The Government must ask businesses to allow parents to continue to work part-time, academy boss says 
The Government must ask businesses to allow parents to continue to work part-time, academy boss says

Businesses should not expect parents to work full time at the office during the autumn, headteachers have said as they warn that schools may not run a full timetable.

Employers must be “flexible” in their demands for mothers and fathers to return to the workplace and should not assume that their children will be at school full-time, they said.

Steve Chalke, founder of the Oasis academy trust which runs 52 schools in England, said the Government must ask businesses to allow parents to continue to work part-time.

Even if schools start off by fully reopening in September, they will soon realise that they cannot “cram children in like sardines”, he said.

“The key thing is space, you can’t herd people into buildings which are just not big enough,” Mr Chalke said.

“You can split the day into a morning and an afternoon shift where half the school comes in at any one time.

“Or do a one week on, one week off, or even do a whole half-term on and half-term off.”

Leora Cruddas, chief executive of the Confederation of School Trusts which represents academies, said that businesses “will still need to be cognisant that the patterns of the school day might be different” particularly if there is a rise in transmissions leading to a local lockdown.

The Prime Minister said on Sunday that the country has a "moral duty" to get children back to school, adding that this is now a “national priority”.
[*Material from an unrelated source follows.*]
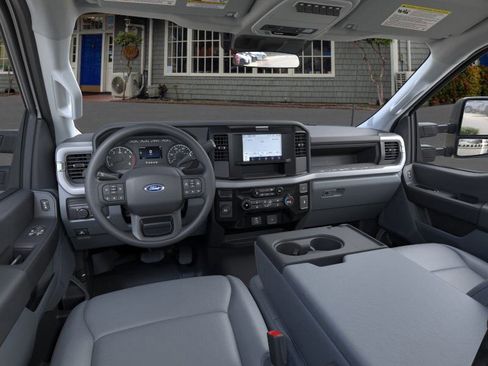New 2025 Ford F350 XL image 31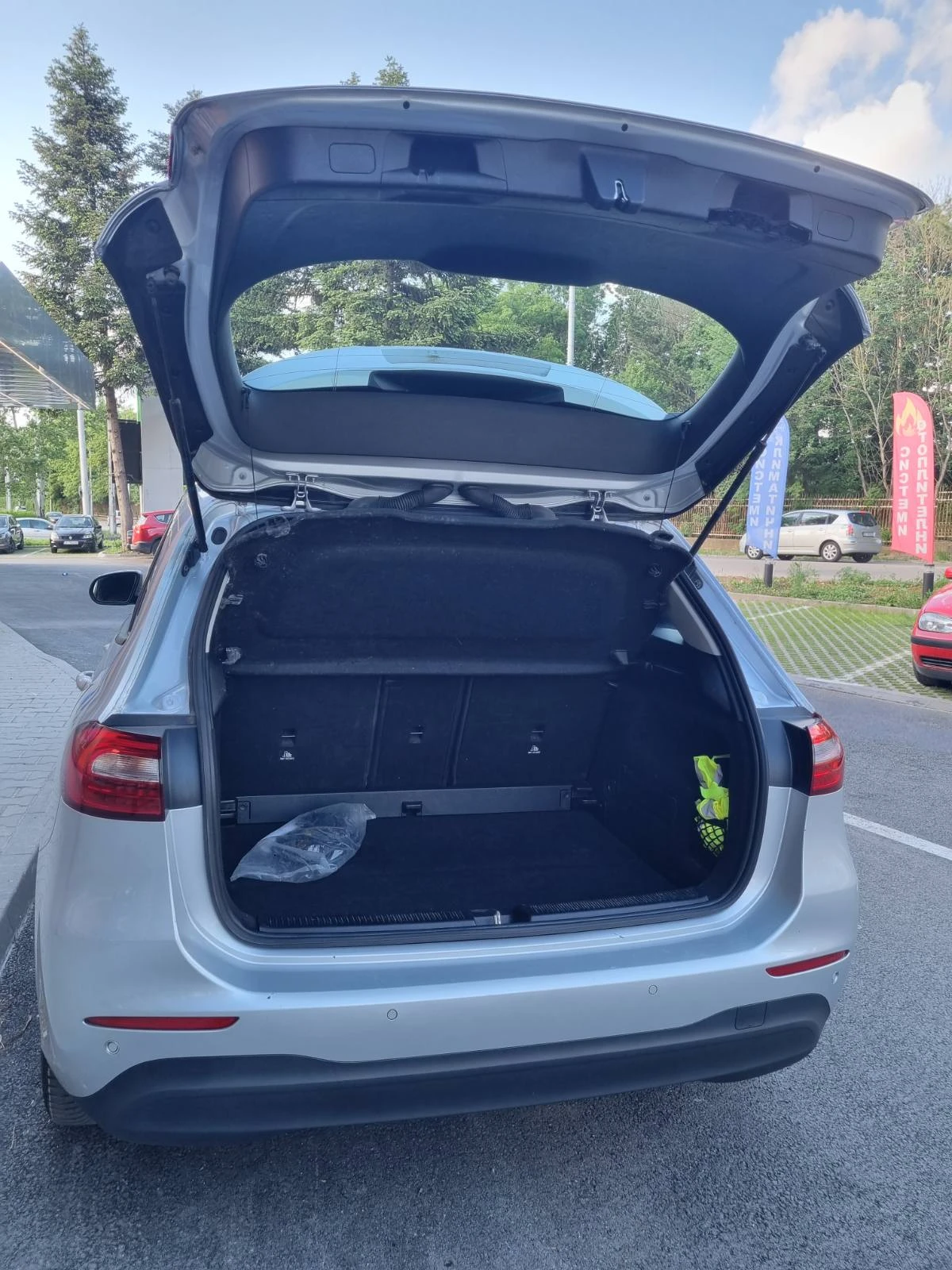 Mercedes-Benz B 180 1.3i 136k.с. DCT - изображение 8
Earlier this week, The Daily Telegraph revealed that schools are drawing up contingency plans to teach pupils on a "week on-week off" basis if there is a resurgence of coronavirus.

Some schools are planning to run a reduced timetable when they reopen in September and finish lessons early, telling parents that they need extra time to carry out enhanced cleaning to make the site Covid-secure.

A member of the Government's Scientific Advisory Group for Emergencies (Sage) said that reopening schools is "one of the least risky things we can do".

Prof Russell Viner, president of the Royal College of Paediatrics and Child Health and a member of Sage told BBC Radio 4's Today programme that allowing children to return to the classroom on a rota system with a week on, week off approach “appears to make very little difference to the overall risk”.

He explained: “The overall population R in fact, if you get the mitigations right ... then actually the rota systems appear to make very little difference and make little difference to the risk to teachers."